What’s your current weight?

168 pounds at 5’10. After recovering from anorexia my perfect weight was 138.

It was brutal. Every day I’d eat a slim Jim or a pouch of tuna then not eat anything else. I wouldn’t drink water, supplement electrolytes and I took an incredibly hot bath to sweat buckets for 2 hours.

I can never go back there.

By not being retarded. Fix your diet and knclude some healthy sweets for that craving (greek yoghurt plus whey for example) and decrease deficiency to 500.

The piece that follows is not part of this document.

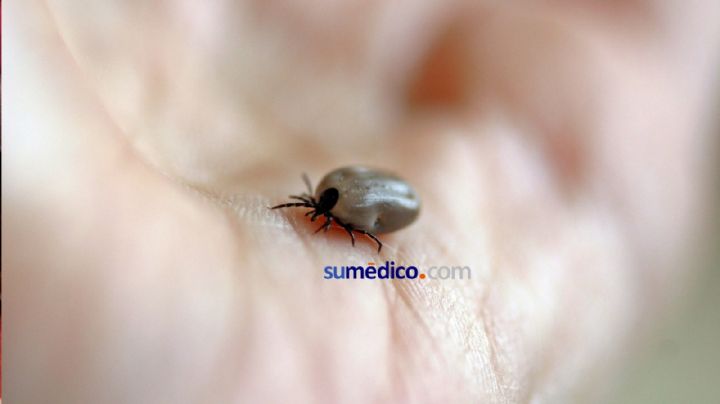 Enfermedades por garrapatas van en aumento, ¿Cómo cuidarse?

If you fuck up and then indulge your body learns that fucking up will lead to food and nutrients. If you fuck up and then do cardio not only do you lose the fuck up calories but also do you make ficking up unpleasant for yourself.

Deficiency?

Cook your fucking food.
Stop eating pre-made stuff and cook everything you eat. You'll notice meals suddenly getting scarcer.

It's important to stop thinking in terms of today and tommorow and think of your progress as continuous actions, stop waiting for the right time and just do something good now.

I live with 4 fatasses, there’s always candy and shit lying around.

user, 170 lbs at 5'10 is perfectly fine. If you feel fat, eat your bodyweight (lbs) in grams of protein each day and do strength training along with cardio. 140 lbs at 5'10 is scrawnlord tier. You can do better.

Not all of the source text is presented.